Since the three-year USD 12 bn loan program agreed between the Egyptian government and the IMF in late 2016, Egypt embarked on a difficult, yet, essential reform program. This has been an important advance in the light of the country’s bid to make itself more attractive to foreign investors. In this regard, Invest-Gate meets Peter Hofmann, Counselor Head of Economic Department at Embassy of the Federal Republic of Germany in Cairo to share his opinion on the current business climate.
How do you evaluate the current business environment in Egypt?
The investment climate is getting better and reforms are taking effect.
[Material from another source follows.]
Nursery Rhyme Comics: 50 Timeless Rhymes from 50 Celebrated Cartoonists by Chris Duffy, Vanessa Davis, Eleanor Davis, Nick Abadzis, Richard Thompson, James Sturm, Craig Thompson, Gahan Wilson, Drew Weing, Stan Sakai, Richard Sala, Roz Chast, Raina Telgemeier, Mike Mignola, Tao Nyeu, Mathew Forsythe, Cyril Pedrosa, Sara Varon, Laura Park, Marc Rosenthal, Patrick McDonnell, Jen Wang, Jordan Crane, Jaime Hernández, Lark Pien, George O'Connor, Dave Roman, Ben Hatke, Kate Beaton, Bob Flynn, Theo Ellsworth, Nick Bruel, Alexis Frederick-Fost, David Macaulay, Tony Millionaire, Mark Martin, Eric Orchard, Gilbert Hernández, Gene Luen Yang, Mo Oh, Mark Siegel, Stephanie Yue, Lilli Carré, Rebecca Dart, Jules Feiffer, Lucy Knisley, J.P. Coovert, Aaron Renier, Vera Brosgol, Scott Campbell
We have all seen what happened at The Big 5 Construct Egypt 2018 event; for the first time Germany participated in this international building and construction to showcase their products.
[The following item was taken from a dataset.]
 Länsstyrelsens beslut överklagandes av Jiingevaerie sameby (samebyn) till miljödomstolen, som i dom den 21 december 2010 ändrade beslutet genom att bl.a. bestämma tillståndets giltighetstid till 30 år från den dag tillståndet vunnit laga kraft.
Can you give me figures on the value of recent Germany investments in Egypt?
It is very difficult to tell, yet many German companies come to us and ask for information about how to invest in Egypt and procedures should be taken, and I can see that their numbers are increasing day after day.
What is the most effective reform Egypt has taken and directly affected the business environment?
Floating the Egyptian currency was one of the most effective reforms, sparking a series of good results as the International Monetary Fund (IMF) shortly called for an early meeting to review the package being considered and approved its biggest ever Middle East loan amounting to a total of USD12 bn for Egypt.
Generally, all reforms being taken are important, interrelated and come in one package; one reform can’t be effective without the other reform.
How do you see the Egyptian real estate market?
I don’t have much insight on the real estate sector since it’s mainly an Egyptian business, but I see that some experts are warning of a bubble so the country should take necessary measures against that.
What can attract foreign companies to invest more in Egypt?
Promoting for ease of doing business is the key; Egypt and its business environment need a little more of propaganda. But before that, the government should guarantee that foreign investors get back to their homes with successful stories and experiences. Businessmen in Germany don’t have much information on what is going on in Egypt so most of them take their decisions based on the experiences of others; investors are usually careful so they will not pump money until they see successful models operating in the country.